In China, a large number of people support euthanasia or the legalization of euthanasia. Almost every NPC session since 1994 has received bills on euthanasia from deputies, yet there has been no progress to date. Supporters point out that those who apply for euthanasia reveal the poor social security and welfare system for the disabled and for patients with serious diseases in China.
Opponents of euthanasia say they are afraid that the current condition in China is not ready for this alternative way to deal with terminally ill patients.
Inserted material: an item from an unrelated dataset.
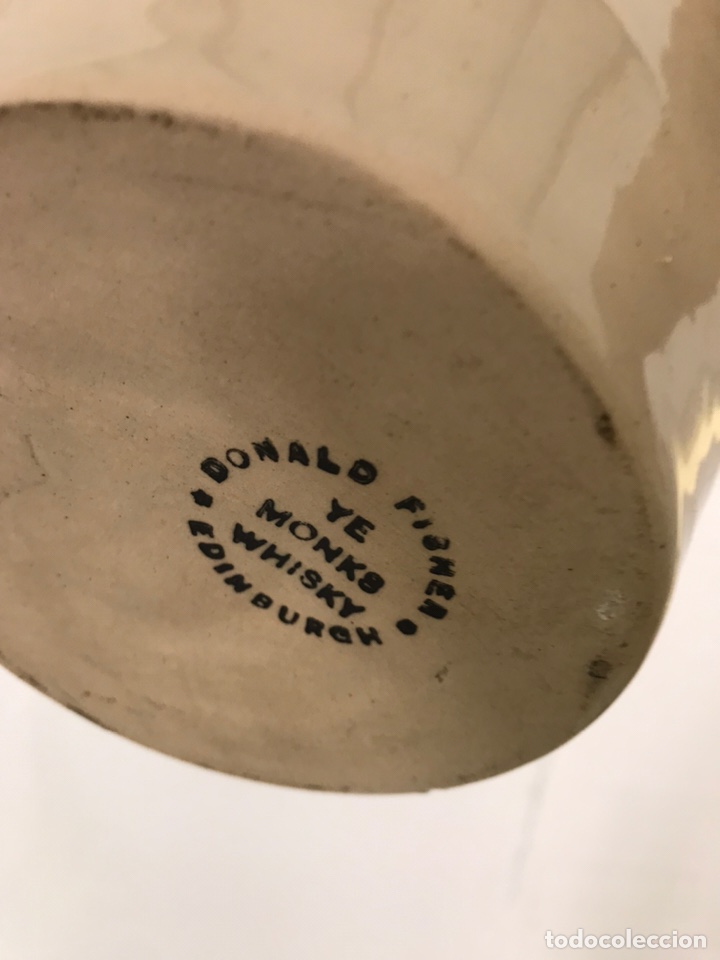Botellas antiguas: BOTELLA DE LICOR EN FORMA DE JARR&Oacute;N - Foto 4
They argue it may be used as an excuse for other purposes, like murder by family members or relatives, and eventually lead to disorder in social morality. Only when the country is equipped with well-developed and clearly defined laws and regulations on this issue can euthanasia be considered as an option, they say. Besides, as traditional Chinese morality values life, it will take quite a long time for the Chinese to accept this practice.
The right to terminate life
Chi Mo (www.newssc.org): Precious as life is, everyone's life should be respected and valued. However, when one is living with a disease that modern medical science is incapable of curing and the patient feels that to live is even more miserable than to die, the right to terminate his or her own life should be respected.
Li has had progressive muscular dystrophy, the so-called "super cancer," since she was 1 year old. For the past 27 years, she has been living an unimaginably hard life. For healthy people, to live is quite simple, but to this poor woman, it's too difficult a task. The healthy should not take it for granted that patients like Li are as happy to live as they are.
Life should be valued and protected. However, sometimes, no matter how we hate to see people die, we can do nothing to help.
People's appeal for the legal status of euthanasia is actually their wish that current laws can better protect the right of survival and also the right to terminate one's own life in a humane way. To adopt euthanasia does not imply indifference toward life, but more to improve the quality of life.
Liang Jianfang (New Express): Those opposed to euthanasia believe it destroys the natural law of life, is open to abuse and diminishes mankind's strength and courage to overcome disasters.
However, while people are discussing the significance of life and the right to live, the patients are struggling desperately in huge pain-pain that can often lead to suicide.
The Chinese traditional attitude toward life is that "a live dog is better than a dead lion." Even if a person is terminally ill, his or her family will try everything possible to maintain life. Because of this mindset, the patient's own view toward life is always neglected.
Of course we must take measures to prevent the many problems related to euthanasia. At the current stage, it's suggested that euthanasia can be practiced on a certain category of patients, such as terminal cancer sufferers. If living means waiting for a painful and miserable death, then patients should be granted the right to choose death. There is nothing inhumane about allowing them to forgo a life of torture by choosing euthanasia.
Lu Xinkui (hlj.rednet.cn): When a patient who is suffering from unimaginable pain can do nothing but wait for the end of life, to actively terminate his or her own life reveals more helplessness than courage. In this case, to ban euthanasia is inhumane.
For some people, suicide can solve all their problems. Most of those who commit suicide are suffering from certain psychological disorders and could probably be saved. However, in the case of Li, she has lost even the ability to physically end her own life.
In ancient China, there was a cruel punishment called ling chi, where a person would have his or her flesh cut from the body while still alive, to then be left to die a slow and painful death. For some incurable patients, the diseases that eat up their health must be as excruciating as ling chi.
There are those afraid that euthanasia may result in serious social problems, becoming an excuse for murder, medical malpractice and accidents. However, I believe that euthanasia can be standardized through laws and regulations. It's unreasonable to forbid euthanasia just because of the possibility that it may be abused.